§ Data to examine
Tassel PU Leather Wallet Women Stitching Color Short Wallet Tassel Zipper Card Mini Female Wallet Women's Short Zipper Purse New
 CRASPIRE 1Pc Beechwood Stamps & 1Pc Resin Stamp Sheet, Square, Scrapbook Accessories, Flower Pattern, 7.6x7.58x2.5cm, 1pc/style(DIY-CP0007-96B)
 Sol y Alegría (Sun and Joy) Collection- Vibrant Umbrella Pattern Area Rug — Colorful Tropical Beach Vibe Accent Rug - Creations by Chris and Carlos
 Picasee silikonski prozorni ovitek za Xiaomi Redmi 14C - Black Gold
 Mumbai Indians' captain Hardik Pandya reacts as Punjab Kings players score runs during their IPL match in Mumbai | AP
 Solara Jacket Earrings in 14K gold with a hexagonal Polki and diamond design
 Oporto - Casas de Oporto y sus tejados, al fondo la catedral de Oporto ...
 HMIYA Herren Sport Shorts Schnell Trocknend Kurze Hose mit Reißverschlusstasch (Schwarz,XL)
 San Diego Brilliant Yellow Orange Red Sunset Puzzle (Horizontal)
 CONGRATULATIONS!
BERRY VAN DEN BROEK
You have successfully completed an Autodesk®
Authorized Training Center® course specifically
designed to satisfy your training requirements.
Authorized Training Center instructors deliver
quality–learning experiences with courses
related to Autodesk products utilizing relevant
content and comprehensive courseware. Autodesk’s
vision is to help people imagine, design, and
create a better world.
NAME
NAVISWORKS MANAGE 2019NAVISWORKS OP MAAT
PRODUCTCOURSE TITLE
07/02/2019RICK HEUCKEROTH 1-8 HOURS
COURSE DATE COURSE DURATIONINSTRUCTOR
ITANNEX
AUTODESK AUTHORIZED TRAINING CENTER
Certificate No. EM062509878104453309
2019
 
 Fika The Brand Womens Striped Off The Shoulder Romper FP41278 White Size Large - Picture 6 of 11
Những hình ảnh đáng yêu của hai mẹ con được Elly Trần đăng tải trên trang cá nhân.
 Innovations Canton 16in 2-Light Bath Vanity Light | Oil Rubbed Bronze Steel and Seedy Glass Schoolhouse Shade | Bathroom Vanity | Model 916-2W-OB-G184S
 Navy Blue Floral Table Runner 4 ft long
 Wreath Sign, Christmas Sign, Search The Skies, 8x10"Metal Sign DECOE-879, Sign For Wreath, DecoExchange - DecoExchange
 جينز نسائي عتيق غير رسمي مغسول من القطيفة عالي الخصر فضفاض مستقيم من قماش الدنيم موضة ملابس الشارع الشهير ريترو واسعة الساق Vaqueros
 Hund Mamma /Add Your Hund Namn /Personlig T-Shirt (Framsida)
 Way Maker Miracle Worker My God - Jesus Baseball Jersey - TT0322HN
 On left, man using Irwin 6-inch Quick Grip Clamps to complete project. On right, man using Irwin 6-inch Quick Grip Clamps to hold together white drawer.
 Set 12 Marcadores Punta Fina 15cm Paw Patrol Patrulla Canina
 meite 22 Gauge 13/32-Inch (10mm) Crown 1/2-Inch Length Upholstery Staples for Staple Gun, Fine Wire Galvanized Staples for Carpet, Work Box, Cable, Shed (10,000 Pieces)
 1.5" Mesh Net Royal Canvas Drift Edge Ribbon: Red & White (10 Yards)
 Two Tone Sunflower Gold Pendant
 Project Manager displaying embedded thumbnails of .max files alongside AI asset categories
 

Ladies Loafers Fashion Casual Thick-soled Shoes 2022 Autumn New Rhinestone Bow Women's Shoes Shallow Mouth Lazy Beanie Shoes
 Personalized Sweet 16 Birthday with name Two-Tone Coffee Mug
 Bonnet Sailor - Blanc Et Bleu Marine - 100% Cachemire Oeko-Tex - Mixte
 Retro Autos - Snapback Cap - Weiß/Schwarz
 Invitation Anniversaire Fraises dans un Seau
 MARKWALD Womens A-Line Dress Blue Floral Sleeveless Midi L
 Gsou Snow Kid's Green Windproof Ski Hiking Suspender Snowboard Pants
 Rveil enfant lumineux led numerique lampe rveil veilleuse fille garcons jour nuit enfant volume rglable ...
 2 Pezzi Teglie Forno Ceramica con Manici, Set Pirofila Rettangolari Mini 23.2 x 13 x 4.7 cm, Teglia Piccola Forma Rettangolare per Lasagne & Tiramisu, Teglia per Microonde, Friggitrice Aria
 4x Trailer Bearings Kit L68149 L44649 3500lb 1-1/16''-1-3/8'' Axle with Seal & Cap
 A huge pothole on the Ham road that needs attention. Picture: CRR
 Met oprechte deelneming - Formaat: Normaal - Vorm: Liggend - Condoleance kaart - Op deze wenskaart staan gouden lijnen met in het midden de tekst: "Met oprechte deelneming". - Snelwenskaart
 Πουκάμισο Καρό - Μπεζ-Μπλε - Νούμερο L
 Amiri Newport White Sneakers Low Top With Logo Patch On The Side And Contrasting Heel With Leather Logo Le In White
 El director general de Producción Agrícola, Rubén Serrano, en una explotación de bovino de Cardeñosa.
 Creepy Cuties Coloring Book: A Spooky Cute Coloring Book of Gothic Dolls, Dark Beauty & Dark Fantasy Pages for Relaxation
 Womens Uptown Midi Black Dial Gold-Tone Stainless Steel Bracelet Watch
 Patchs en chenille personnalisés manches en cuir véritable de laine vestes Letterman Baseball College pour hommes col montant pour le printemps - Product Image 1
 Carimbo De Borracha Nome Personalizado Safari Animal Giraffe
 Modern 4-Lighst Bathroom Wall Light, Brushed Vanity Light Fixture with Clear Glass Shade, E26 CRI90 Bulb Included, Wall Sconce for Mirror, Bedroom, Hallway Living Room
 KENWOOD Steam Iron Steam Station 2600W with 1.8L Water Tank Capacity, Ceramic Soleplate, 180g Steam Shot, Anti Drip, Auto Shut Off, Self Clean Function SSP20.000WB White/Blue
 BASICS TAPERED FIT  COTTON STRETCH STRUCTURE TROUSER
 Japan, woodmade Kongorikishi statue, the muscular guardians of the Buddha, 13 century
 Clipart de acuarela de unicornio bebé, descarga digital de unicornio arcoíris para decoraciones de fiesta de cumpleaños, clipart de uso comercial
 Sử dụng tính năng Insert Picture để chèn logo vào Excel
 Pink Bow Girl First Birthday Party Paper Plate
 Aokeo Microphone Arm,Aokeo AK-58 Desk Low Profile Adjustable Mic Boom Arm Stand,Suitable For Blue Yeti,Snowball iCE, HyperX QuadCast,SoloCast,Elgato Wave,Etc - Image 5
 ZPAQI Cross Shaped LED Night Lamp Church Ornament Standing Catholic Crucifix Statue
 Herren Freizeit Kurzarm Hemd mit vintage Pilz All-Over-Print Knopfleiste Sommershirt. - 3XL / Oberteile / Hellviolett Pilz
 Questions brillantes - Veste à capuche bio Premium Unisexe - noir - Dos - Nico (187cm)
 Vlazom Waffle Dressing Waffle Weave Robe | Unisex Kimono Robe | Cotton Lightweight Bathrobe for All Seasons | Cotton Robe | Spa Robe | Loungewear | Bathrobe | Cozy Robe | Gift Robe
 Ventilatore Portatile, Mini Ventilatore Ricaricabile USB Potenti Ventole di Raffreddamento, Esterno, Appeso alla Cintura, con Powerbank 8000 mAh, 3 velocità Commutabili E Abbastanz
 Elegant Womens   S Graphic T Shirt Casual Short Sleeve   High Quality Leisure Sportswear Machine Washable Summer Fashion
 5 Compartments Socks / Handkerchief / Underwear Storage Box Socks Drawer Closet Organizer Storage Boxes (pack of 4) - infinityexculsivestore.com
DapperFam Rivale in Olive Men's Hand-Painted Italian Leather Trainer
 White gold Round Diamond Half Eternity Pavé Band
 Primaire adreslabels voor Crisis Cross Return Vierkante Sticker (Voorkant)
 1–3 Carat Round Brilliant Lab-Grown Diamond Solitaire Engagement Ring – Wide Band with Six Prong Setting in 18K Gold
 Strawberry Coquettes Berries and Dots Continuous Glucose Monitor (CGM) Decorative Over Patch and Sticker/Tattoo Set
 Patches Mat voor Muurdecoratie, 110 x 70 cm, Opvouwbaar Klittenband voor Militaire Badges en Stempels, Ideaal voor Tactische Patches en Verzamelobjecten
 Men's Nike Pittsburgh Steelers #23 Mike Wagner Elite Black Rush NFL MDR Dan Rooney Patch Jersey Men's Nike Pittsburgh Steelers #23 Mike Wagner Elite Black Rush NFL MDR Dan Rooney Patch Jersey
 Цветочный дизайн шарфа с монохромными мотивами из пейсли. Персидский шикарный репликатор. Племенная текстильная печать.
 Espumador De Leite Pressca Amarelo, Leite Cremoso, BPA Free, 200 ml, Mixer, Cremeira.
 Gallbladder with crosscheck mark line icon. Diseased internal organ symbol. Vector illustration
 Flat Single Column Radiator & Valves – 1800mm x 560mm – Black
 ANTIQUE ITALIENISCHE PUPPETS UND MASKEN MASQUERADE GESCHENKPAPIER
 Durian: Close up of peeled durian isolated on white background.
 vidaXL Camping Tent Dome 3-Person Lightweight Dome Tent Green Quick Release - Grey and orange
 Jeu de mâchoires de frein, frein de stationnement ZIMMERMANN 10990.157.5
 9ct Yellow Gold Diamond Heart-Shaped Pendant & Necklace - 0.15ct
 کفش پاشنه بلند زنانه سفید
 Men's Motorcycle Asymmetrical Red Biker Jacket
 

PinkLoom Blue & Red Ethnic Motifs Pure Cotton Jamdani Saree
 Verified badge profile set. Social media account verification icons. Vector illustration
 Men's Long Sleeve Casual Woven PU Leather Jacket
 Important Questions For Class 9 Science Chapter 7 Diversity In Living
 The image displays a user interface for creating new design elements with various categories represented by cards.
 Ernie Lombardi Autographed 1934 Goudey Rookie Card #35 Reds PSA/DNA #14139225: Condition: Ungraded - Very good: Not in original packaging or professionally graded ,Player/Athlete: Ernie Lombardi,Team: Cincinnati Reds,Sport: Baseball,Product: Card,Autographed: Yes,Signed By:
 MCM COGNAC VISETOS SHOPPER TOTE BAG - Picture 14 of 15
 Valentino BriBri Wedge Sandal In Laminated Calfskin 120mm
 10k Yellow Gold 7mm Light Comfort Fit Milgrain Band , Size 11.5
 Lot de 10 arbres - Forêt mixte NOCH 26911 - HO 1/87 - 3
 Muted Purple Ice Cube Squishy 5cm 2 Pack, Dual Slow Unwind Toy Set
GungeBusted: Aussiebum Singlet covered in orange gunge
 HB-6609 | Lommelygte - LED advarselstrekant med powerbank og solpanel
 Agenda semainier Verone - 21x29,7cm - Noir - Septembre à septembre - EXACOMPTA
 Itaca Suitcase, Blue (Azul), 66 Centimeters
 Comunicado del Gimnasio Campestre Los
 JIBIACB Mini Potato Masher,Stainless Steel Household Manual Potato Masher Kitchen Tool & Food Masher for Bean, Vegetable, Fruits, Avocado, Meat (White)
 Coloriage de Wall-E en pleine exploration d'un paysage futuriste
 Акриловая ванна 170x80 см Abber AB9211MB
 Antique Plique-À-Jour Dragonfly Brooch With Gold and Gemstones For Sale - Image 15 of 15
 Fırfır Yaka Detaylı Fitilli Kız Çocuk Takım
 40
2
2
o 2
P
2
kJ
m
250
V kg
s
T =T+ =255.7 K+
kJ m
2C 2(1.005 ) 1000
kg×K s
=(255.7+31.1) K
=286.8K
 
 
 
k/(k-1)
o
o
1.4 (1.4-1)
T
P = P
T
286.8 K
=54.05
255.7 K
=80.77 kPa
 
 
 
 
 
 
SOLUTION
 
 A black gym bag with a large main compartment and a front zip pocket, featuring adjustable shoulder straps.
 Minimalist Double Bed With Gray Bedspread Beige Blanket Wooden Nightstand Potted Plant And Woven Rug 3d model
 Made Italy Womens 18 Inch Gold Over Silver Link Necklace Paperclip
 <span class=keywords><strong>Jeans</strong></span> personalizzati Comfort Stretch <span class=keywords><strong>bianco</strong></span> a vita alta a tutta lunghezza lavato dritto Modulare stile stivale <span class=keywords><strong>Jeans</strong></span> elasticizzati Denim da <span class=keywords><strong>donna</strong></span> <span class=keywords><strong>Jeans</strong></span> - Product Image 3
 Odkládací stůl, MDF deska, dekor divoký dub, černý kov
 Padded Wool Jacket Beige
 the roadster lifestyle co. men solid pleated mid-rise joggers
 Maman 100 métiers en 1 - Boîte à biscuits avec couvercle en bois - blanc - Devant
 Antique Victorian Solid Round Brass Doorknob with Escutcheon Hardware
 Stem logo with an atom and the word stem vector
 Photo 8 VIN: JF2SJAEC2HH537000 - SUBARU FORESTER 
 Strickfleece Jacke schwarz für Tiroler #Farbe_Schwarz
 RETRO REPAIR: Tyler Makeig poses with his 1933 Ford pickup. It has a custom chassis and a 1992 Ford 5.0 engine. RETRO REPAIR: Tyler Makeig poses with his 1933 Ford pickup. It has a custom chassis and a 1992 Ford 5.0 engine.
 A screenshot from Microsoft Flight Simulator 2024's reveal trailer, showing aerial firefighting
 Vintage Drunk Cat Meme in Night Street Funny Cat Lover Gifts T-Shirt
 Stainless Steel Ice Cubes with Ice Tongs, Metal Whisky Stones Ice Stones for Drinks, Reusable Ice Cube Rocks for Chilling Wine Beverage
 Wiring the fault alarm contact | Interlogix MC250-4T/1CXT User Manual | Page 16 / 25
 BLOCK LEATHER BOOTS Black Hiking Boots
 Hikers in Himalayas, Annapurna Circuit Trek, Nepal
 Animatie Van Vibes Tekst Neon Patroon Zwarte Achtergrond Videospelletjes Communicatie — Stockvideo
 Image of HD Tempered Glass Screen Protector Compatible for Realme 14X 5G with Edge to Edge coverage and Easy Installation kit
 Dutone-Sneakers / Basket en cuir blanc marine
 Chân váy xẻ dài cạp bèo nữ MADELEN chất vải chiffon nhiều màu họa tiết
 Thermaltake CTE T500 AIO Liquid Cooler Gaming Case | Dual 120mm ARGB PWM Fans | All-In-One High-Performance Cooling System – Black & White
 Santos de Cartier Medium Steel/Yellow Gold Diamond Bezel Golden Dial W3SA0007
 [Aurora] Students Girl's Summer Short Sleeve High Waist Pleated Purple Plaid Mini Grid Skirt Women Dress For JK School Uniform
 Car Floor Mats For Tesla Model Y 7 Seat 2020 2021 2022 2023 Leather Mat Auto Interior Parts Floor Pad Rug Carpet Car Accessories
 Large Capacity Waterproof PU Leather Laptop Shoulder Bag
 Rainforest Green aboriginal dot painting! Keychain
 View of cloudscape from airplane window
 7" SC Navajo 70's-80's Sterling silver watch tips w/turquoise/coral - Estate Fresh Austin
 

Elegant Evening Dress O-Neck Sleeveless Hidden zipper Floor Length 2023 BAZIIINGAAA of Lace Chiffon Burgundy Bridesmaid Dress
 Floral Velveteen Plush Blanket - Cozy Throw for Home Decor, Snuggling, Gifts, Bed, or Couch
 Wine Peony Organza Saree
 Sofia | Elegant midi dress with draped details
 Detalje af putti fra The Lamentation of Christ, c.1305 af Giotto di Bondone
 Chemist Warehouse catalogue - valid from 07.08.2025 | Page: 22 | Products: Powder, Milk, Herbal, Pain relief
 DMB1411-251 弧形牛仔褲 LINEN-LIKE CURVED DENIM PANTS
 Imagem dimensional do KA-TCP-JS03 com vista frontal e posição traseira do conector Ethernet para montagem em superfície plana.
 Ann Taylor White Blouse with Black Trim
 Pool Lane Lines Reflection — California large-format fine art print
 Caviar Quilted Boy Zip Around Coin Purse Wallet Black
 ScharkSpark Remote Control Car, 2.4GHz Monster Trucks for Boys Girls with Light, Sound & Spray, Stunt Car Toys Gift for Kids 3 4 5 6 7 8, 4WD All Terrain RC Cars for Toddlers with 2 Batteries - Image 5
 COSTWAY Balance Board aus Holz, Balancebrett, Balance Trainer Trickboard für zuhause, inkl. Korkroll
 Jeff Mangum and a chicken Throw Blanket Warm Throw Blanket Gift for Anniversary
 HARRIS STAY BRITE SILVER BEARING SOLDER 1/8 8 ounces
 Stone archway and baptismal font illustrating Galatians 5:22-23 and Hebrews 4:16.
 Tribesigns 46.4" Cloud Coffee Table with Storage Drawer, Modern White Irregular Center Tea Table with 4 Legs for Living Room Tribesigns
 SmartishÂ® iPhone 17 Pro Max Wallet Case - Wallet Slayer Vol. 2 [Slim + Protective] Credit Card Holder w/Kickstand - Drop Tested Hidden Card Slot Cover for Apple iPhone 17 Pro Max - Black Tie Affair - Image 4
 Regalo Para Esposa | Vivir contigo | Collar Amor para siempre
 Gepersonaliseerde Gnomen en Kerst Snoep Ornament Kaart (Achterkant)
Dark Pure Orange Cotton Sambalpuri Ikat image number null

§ Task objective
Quote every line from the beginning of the entries up to and including the line that contains "Navy Blue Floral Table Runner 4 ft long".

§ Answer box
Tassel PU Leather Wallet Women Stitching Color Short Wallet Tassel Zipper Card Mini Female Wallet Women's Short Zipper Purse New
 CRASPIRE 1Pc Beechwood Stamps & 1Pc Resin Stamp Sheet, Square, Scrapbook Accessories, Flower Pattern, 7.6x7.58x2.5cm, 1pc/style(DIY-CP0007-96B)
 Sol y Alegría (Sun and Joy) Collection- Vibrant Umbrella Pattern Area Rug — Colorful Tropical Beach Vibe Accent Rug - Creations by Chris and Carlos
 Picasee silikonski prozorni ovitek za Xiaomi Redmi 14C - Black Gold
 Mumbai Indians' captain Hardik Pandya reacts as Punjab Kings players score runs during their IPL match in Mumbai | AP
 Solara Jacket Earrings in 14K gold with a hexagonal Polki and diamond design
 Oporto - Casas de Oporto y sus tejados, al fondo la catedral de Oporto ...
 HMIYA Herren Sport Shorts Schnell Trocknend Kurze Hose mit Reißverschlusstasch (Schwarz,XL)
 San Diego Brilliant Yellow Orange Red Sunset Puzzle (Horizontal)
 CONGRATULATIONS!
BERRY VAN DEN BROEK
You have successfully completed an Autodesk®
Authorized Training Center® course specifically
designed to satisfy your training requirements.
Authorized Training Center instructors deliver
quality–learning experiences with courses
related to Autodesk products utilizing relevant
content and comprehensive courseware. Autodesk’s
vision is to help people imagine, design, and
create a better world.
NAME
NAVISWORKS MANAGE 2019NAVISWORKS OP MAAT
PRODUCTCOURSE TITLE
07/02/2019RICK HEUCKEROTH 1-8 HOURS
COURSE DATE COURSE DURATIONINSTRUCTOR
ITANNEX
AUTODESK AUTHORIZED TRAINING CENTER
Certificate No. EM062509878104453309
2019
 
 Fika The Brand Womens Striped Off The Shoulder Romper FP41278 White Size Large - Picture 6 of 11
Những hình ảnh đáng yêu của hai mẹ con được Elly Trần đăng tải trên trang cá nhân.
 Innovations Canton 16in 2-Light Bath Vanity Light | Oil Rubbed Bronze Steel and Seedy Glass Schoolhouse Shade | Bathroom Vanity | Model 916-2W-OB-G184S
 Navy Blue Floral Table Runner 4 ft long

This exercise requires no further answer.